NEW YORK (Reuters) – Hedge funds increased their exposure to stocks in the financial sector amid the banking turmoil in March, as they saw a buying opportunity at lower prices, S&P Global Market Intelligence said in a note on Thursday.

“Hedge funds used the bank stress as an early buying opportunity, dismissing speculation that a significant crisis was at play,” S&P said, adding the firms boosted their exposure to financials by 5.5%, after having reduced it by 3.9% in February. Retail investors also increased their bets by 1%.


Hedge funds raised their exposure to financials more than any other sector, according to S&P, which tracks assets listed in the U.S.. Hedge funds added $13.5 billion in stocks in all sectors in March.
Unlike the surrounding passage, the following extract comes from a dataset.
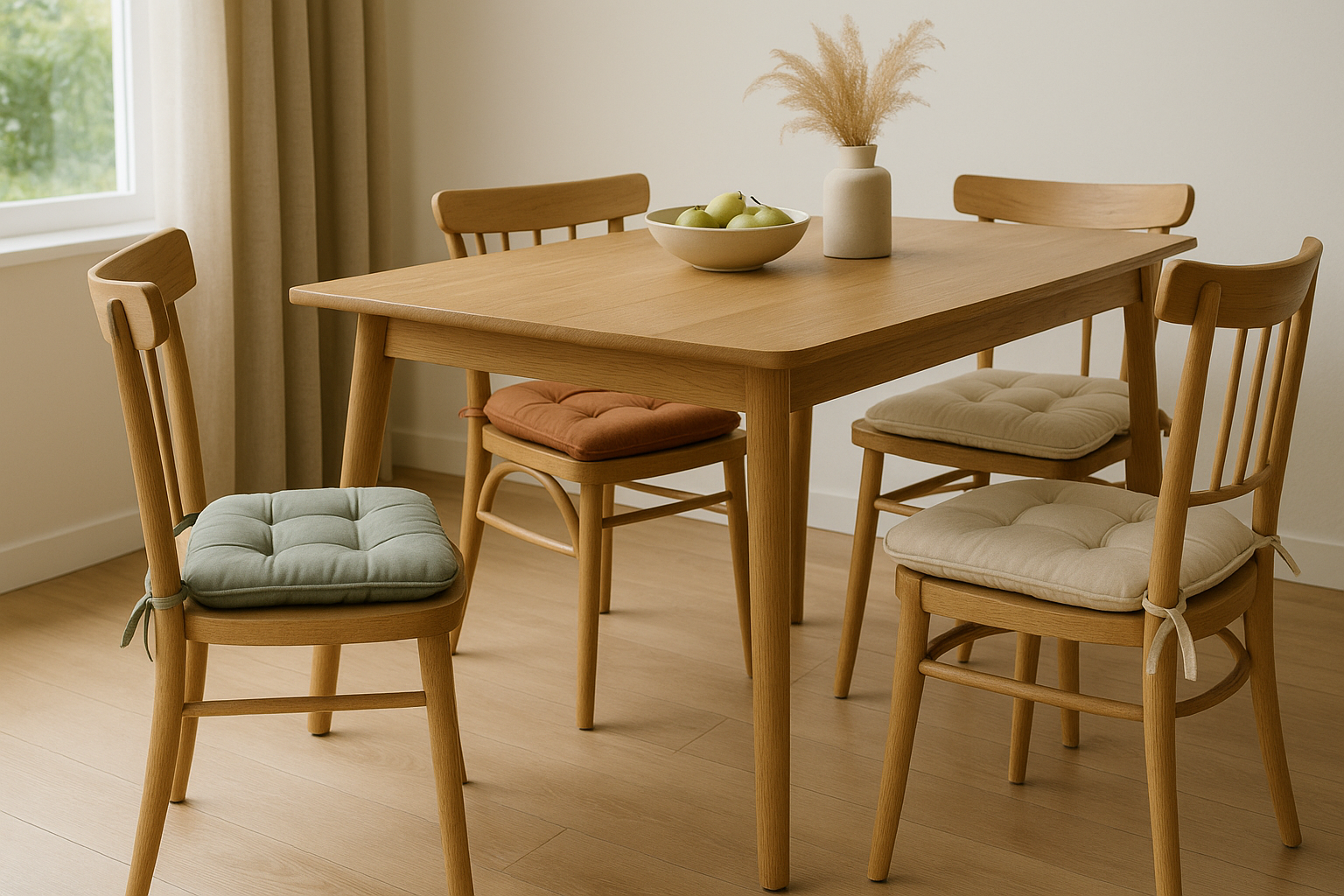 Coussin de chaise 40×40 matelassé avec nouettes — coloris sauge, terracotta et écru sur chaises en bois autour d’une table scandinave, salle à manger lumineuse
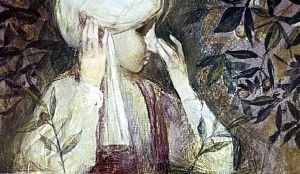 Он схватился в испуге руками за уши и, действительно, они у него вытянулись с пол-аршина длиною. Иллюстрация к сказке «Маленький Мук». Художник Р. Столяров.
Hedge funds’ positioning in the banking sector came in a month when U.S. banks Silicon Valley Bank and Signature Bank failed, followed by Credit Suisse’s rescue.

“The group saw an opportunity to pick up banking names at a significant decline and, in order to do so, sold down holdings in the better-performing materials and energy sectors,” Christopher Blake, executive director of S&P Global Issuer Solutions wrote.

Citadel, one of the world’s most profitable hedge funds, said in March in a regulatory filing it bought a 5.3% stake in Western Alliance Bancorporation, which was seen as a sign of confidence in the battered sector.

Traditional asset managers, another group of investors tracked by S&P, cut their positioning in financials by 1.1% and also slashed $20.2 billion in equities stakes across other sectors.

Overall, the financials sector has not recovered from the losses. The KBW Bank Index and the S&P 500 Banks Index are down 18.6% and 12.9% year to date, respectively, and both are roughly flat in April.